Why does my personal loan interest vary month to month?

If you aren’t quite sure how interest is calculated on your personal loan, it may come as a surprise learning that monthly interest charges vary even on fixed rate loans. 

Each month when you make your personal loan repayment, you may notice that the proportion of the repayment that goes towards interest charges typically changes from one month to the next.

This can be particularly confusing if you have a fixed rate personal loan, as you might have expected that a fixed interest rate means fixed interest payments. But, there’s a fairly simple explanation as to why this is the case.

It comes down to two main factors:

1. Interest is calculated daily and typically charged monthly.

Since the number of days in a month can change from one to the next, interest charges may be slightly higher in the longer months and lower in the shorter months. 

2. Interest is charged on the principal balance. 

The reason you will likely see your monthly payable interest gradually decrease over the life of your loan is because it is charged as a percentage of the amount owing. As you make repayments on your loan, you pay down the principal balance, thus reducing the amount owing on the loan.

Take Claudia, for example. Claudia decides to take out a personal loan to help cover the cost of furnishing her new home. After comparing loans and applying for her preferred product, she gets approved for a $15,000 loan with a fixed interest rate of 8 per cent and a loan term of three years.

Claudia’s monthly repayments are estimated to be $470. To figure out roughly how much of her first monthly repayment will go towards interest, she divides her interest rate by 12 (as interest rates are annual figures), and then multiplies it by her loan’s principal amount of $15,000.

  • Her equation looks like this: (0.08/12) x 15,000 = 100

This means that of her $470 repayment, $100 would cover interest charges and the remaining $370 would go towards paying down the principal balance.

If Claudia wanted to find out how much interest she would pay on her second repayment, she could use the same equation but with the remaining principal balance. As she will have paid it down by $370, the principal in her second month would be $14,630

  • Her equation would look like this: (0.08/12) x 14,630 = 97.53

As you can see, the interest charged in her second month of loan repayments is slightly less than her first month, due to the reduced principal balance. Keep in mind that these are approximate figures only, to show how interest is charged and can vary from one month to the next.
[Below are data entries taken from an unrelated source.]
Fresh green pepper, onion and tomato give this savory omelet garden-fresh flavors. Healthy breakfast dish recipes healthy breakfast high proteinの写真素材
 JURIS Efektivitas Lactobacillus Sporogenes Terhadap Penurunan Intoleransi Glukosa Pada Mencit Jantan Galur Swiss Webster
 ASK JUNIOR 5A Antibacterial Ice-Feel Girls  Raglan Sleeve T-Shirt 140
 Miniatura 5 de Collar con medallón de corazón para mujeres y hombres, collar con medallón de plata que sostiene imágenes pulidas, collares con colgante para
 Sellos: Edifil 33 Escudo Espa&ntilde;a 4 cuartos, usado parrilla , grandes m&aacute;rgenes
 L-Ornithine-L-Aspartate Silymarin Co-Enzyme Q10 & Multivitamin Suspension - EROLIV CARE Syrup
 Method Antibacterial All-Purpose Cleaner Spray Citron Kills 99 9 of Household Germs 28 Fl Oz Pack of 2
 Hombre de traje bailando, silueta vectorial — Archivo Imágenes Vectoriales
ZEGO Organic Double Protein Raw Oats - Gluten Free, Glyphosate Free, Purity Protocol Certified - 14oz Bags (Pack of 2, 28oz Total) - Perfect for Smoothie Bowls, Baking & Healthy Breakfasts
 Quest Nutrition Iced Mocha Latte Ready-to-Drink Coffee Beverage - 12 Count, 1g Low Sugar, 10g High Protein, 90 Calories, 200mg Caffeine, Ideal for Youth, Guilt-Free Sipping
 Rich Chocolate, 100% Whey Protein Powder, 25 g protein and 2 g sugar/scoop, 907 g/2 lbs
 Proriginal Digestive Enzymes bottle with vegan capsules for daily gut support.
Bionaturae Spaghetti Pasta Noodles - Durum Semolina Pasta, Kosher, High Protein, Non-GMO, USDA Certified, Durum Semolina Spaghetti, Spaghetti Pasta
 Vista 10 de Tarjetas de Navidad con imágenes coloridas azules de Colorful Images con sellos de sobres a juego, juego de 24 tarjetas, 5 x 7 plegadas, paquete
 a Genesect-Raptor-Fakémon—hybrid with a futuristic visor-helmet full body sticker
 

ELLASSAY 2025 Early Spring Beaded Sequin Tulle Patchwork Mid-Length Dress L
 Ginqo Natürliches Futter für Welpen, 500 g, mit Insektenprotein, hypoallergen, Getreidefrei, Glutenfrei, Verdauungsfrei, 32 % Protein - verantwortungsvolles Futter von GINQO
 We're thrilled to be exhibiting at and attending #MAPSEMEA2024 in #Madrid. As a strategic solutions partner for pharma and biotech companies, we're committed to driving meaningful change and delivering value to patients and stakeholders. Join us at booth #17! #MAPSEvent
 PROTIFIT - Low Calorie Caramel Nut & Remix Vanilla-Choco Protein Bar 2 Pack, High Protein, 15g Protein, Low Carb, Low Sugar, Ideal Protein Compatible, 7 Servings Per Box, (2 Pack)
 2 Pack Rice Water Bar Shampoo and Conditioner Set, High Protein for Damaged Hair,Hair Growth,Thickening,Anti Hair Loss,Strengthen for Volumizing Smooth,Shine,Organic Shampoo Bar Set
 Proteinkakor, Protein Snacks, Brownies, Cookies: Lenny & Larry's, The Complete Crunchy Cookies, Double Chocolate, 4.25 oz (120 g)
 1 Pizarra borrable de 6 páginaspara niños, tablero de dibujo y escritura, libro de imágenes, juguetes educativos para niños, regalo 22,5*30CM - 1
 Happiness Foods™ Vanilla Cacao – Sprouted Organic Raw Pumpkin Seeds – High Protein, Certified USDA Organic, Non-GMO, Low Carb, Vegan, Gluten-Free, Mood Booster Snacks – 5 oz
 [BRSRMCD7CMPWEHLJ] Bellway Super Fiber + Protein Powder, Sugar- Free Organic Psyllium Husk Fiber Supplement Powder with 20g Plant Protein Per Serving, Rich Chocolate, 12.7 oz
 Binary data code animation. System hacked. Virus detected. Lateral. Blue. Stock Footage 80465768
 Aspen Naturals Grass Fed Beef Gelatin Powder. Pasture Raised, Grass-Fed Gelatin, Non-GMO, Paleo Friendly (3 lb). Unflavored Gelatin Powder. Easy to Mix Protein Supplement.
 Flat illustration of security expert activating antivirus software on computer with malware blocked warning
Here’s how the interest charges on Claudia’s first six months of repayments might look:

 Principal balanceRepayment amount  Interest charged Principal paid Updated balance
 Month 1$15,000$470$100$370$14,630
 Month 2$14,630$470$97.53$372.47$14,257.53
 Month 3$14,257.53$470$95.05$374.95$13,882.58
 Month 4$13,882.58$470$92.55$377.45$13,505.13
 Month 5$13,505.13$470$90.03$379.97$13,125.16
 Month 6$13,125.16$470$87.50$382.50$12,742.66

Source: RateCity.com.au. Notes: This is an example only for the purpose of illustrating variations in interest.

How does interest vary on variable rate personal loans?

If your personal loan has a variable interest rate, the amount of interest you pay will not be fixed in advance and may instead be raised or lowered by your lender in accordance with the current economic conditions.

Calculating your interest charges on a variable rate personal loan can be trickier, but the calculations work much the same based on the interest rate at the time.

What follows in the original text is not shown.